Treating SSO as a replacement for the password manager. The long tail of non-SSO apps, shared portals, and infrastructure logins does not go away. A business that decommissions its password manager after adopting SSO has just pushed its most sensitive shared credentials back into spreadsheets and sticky notes.

Buying SSO before you have the platform to run it. SSO without a properly licensed identity provider is not much of a security control. If you are on Microsoft 365 Basic or Standard with no plan to move up, the conditional access and identity protection that make SSO worthwhile are not there yet.

Turning on SSO but leaving MFA and access rules configured per app. The main security payoff of SSO is enforcing controls once at the identity provider.

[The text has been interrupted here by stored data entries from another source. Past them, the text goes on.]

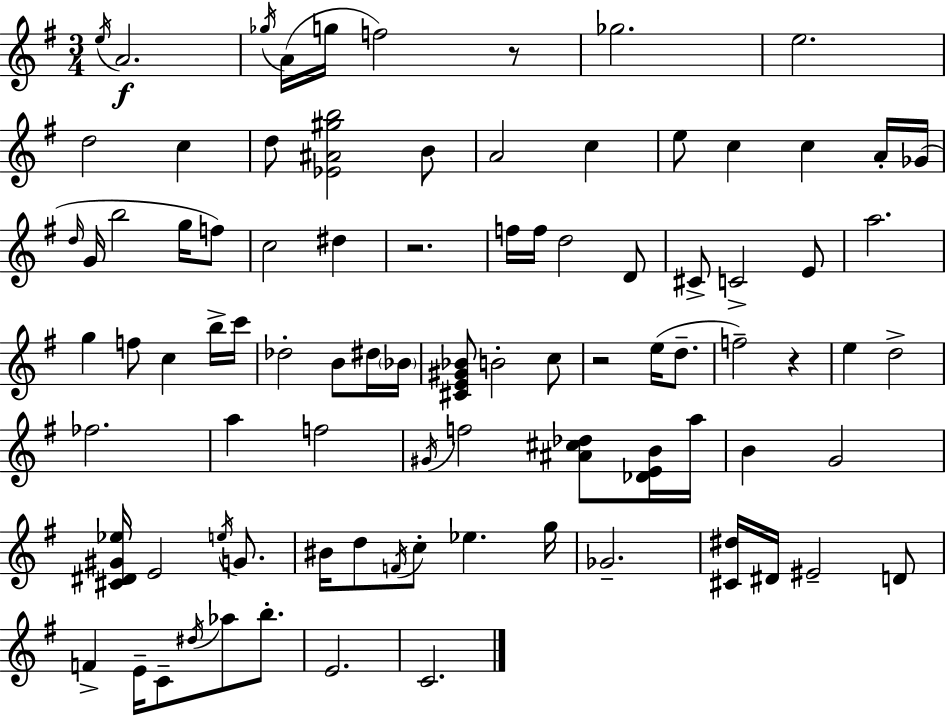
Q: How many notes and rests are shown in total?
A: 89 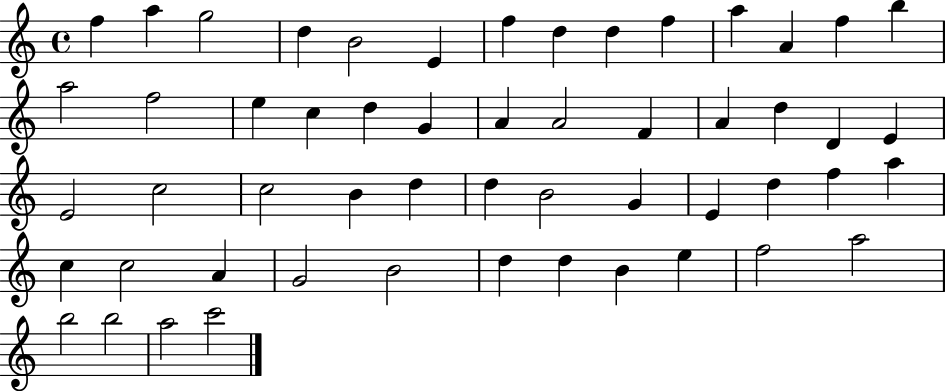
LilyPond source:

{
  \clef treble
  \time 4/4
  \defaultTimeSignature
  \key c \major
  f''4 a''4 g''2 | d''4 b'2 e'4 | f''4 d''4 d''4 f''4 | a''4 a'4 f''4 b''4 | \break a''2 f''2 | e''4 c''4 d''4 g'4 | a'4 a'2 f'4 | a'4 d''4 d'4 e'4 | \break e'2 c''2 | c''2 b'4 d''4 | d''4 b'2 g'4 | e'4 d''4 f''4 a''4 | \break c''4 c''2 a'4 | g'2 b'2 | d''4 d''4 b'4 e''4 | f''2 a''2 | \break b''2 b''2 | a''2 c'''2 | \bar "|."
}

If you connect apps for the convenience but never centralize MFA and conditional access, you have taken on the setup work and skipped the reward.

Forgetting break-glass access to the identity provider itself. When one identity system is the front door to everything, that system becomes critical. You need at least one emergency administrator account that is protected, documented, and tested, so a locked-out admin or a bad policy change does not lock the whole company out at once.

Losing the offboarding win by leaving app-local accounts behind. Disabling one identity only kills access everywhere if access actually runs through that identity. If people also hold separate direct logins to the same apps, offboarding is back to being a manual hunt. Connect apps properly and discourage side-door local accounts.

Rolling it out like a toggle. SSO is a project. Inventory your apps, confirm which support it on your current plans, connect and test them in a sensible order, and map users to groups deliberately. Flipping switches at random produces broken logins and frustrated employees on day one.

Deciding

Work out your identity story first, the same way you would before choosing a password manager. If you are already on Microsoft 365 Business Premium, you are paying for the identity platform, most of your core apps probably support SSO, and turning it on is one of the better returns available to you. If you have no identity provider, a small team, and a short list of apps, put a business password manager with enforced MFA in place first. It is the higher-return move at your size, and SSO will still be there when Business Premium or a growing app list makes it worth the setup.

Whichever way you land, do not frame it as password manager versus SSO. The businesses that get credential security right run both, with MFA underneath, and let each tool do the job it is actually good at.